[[ GIVEN ENTRIES, beginning ]]

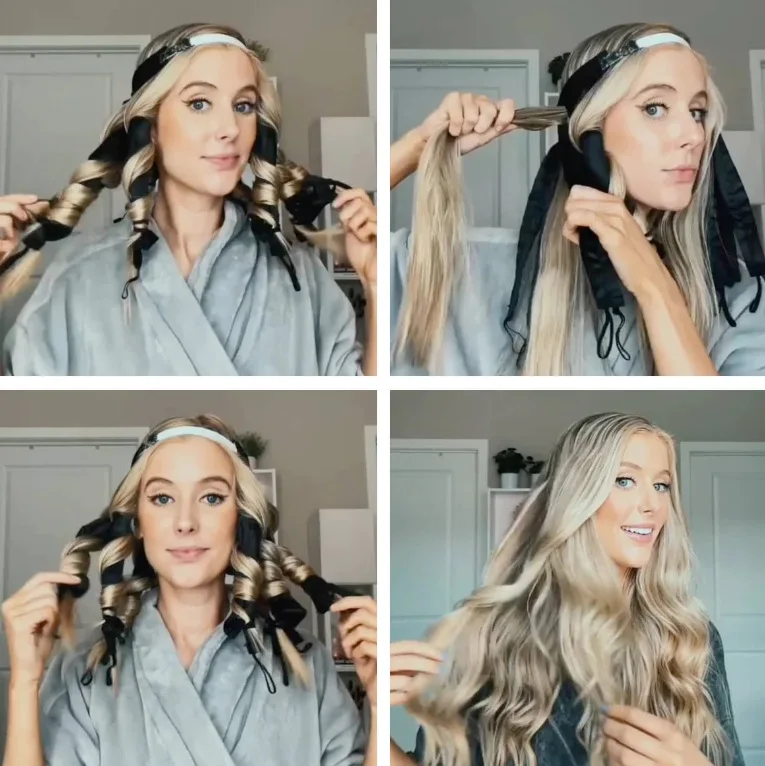 Microfiber Velvet 8 claw heatless hair curlers octopus curls no heat Portable Magic curls Headband Curling Rod Roller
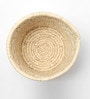 (1Pc) Off White Palm Leaf Handwoven Multipurpose Planter & Storage Basket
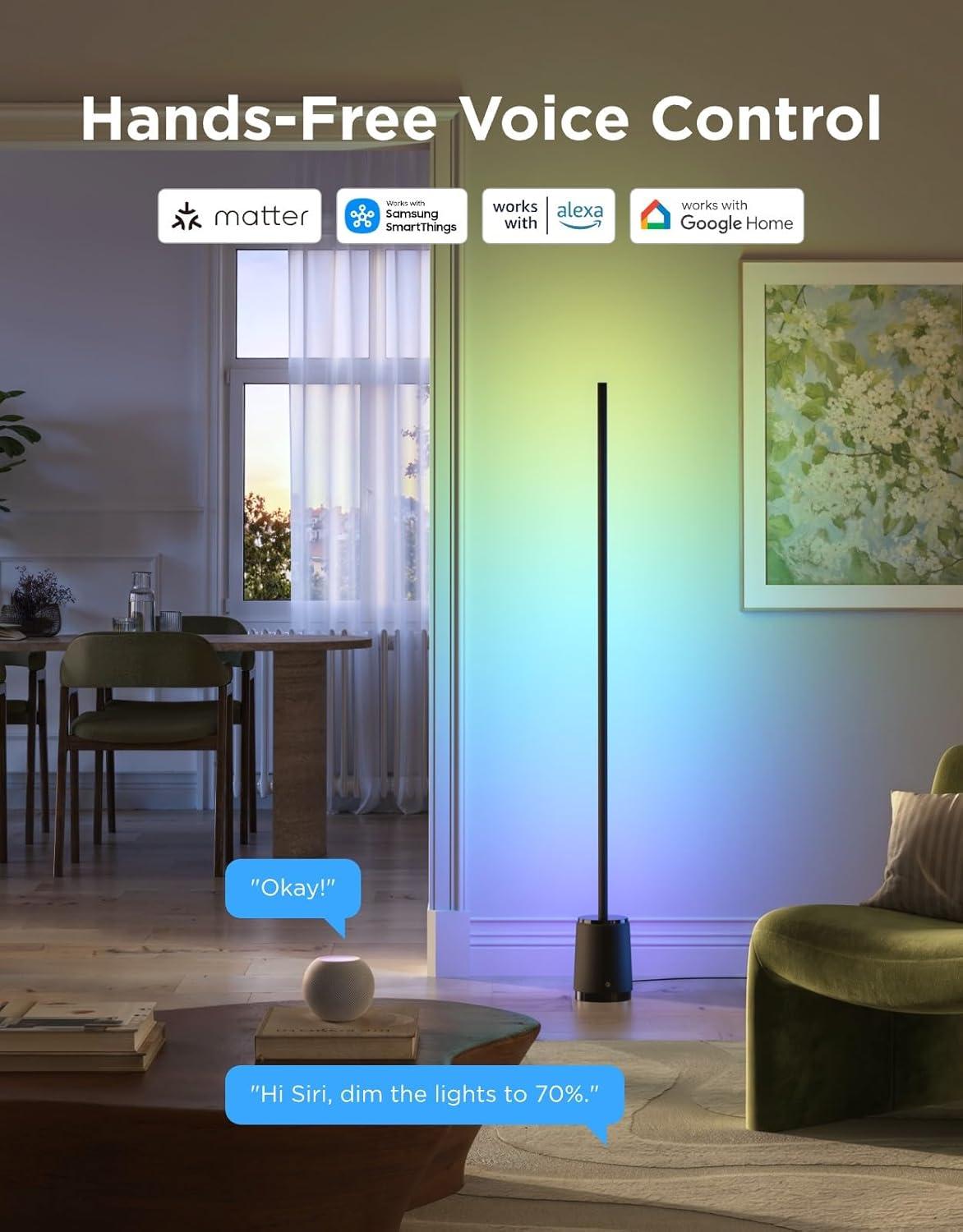imageGovee Floor Lamp 3 Lite Smart RGBIC LED Corner Lamp Compatible with Alexa SmartThings Matter 1400lm Dimmable Color Changing Tall Standing Light with Music Sync for Living Room Bedroom Gaming Room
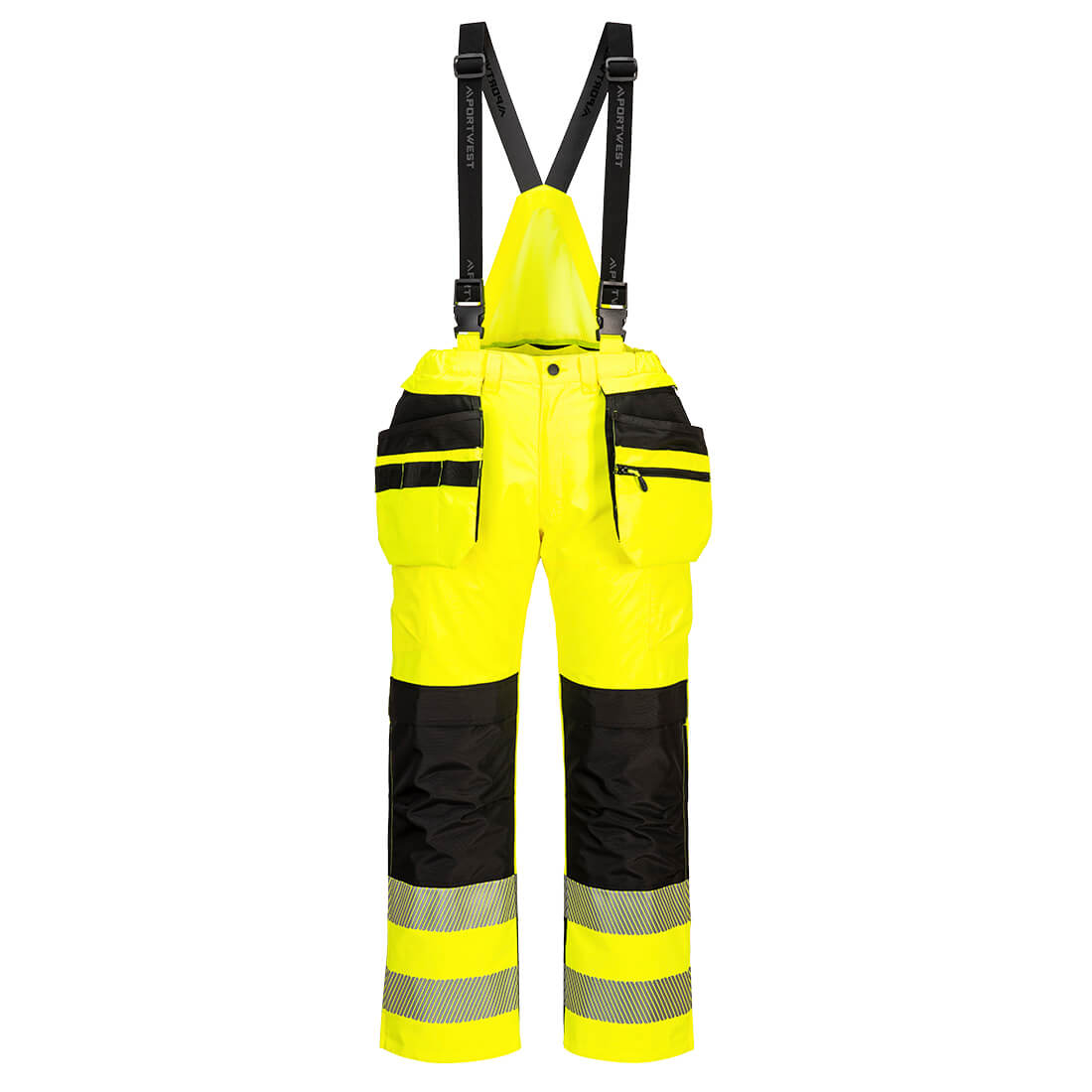Portwest PW3 Hi-Vis Rain Trousers in Yellow/Black, image 2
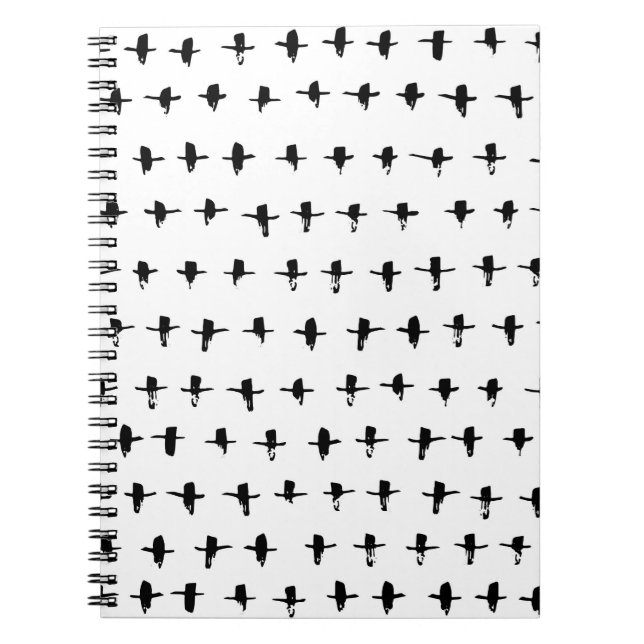 Black Crosses Hand Drawn Geometrical Notebook (Front)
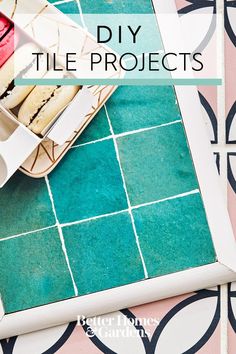 the words diy tile projects are in front of a blue and pink tiled floor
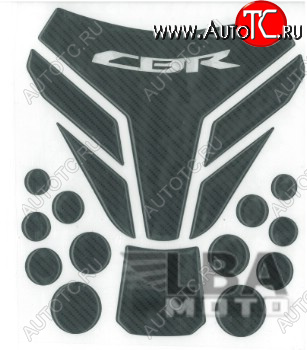 1 279 р. Наклейка на бак для мотоцикла Honda CBR Карбон Черная 3  пм-00017148  с доставкой в г. Вологда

[[ GIVEN ENTRIES, end ]]

— WORK REQUEST —
In transcribing the records, omit the pictures and keep everything else exactly as it appears.

— WRITTEN SOLUTION —
 Microfiber Velvet 8 claw heatless hair curlers octopus curls no heat Portable Magic curls Headband Curling Rod Roller
 (1Pc) Off White Palm Leaf Handwoven Multipurpose Planter & Storage Basket
imageGovee Floor Lamp 3 Lite Smart RGBIC LED Corner Lamp Compatible with Alexa SmartThings Matter 1400lm Dimmable Color Changing Tall Standing Light with Music Sync for Living Room Bedroom Gaming Room
Portwest PW3 Hi-Vis Rain Trousers in Yellow/Black, image 2
 Black Crosses Hand Drawn Geometrical Notebook (Front)
 the words diy tile projects are in front of a blue and pink tiled floor
 1 279 р. Наклейка на бак для мотоцикла Honda CBR Карбон Черная 3  пм-00017148  с доставкой в г. Вологда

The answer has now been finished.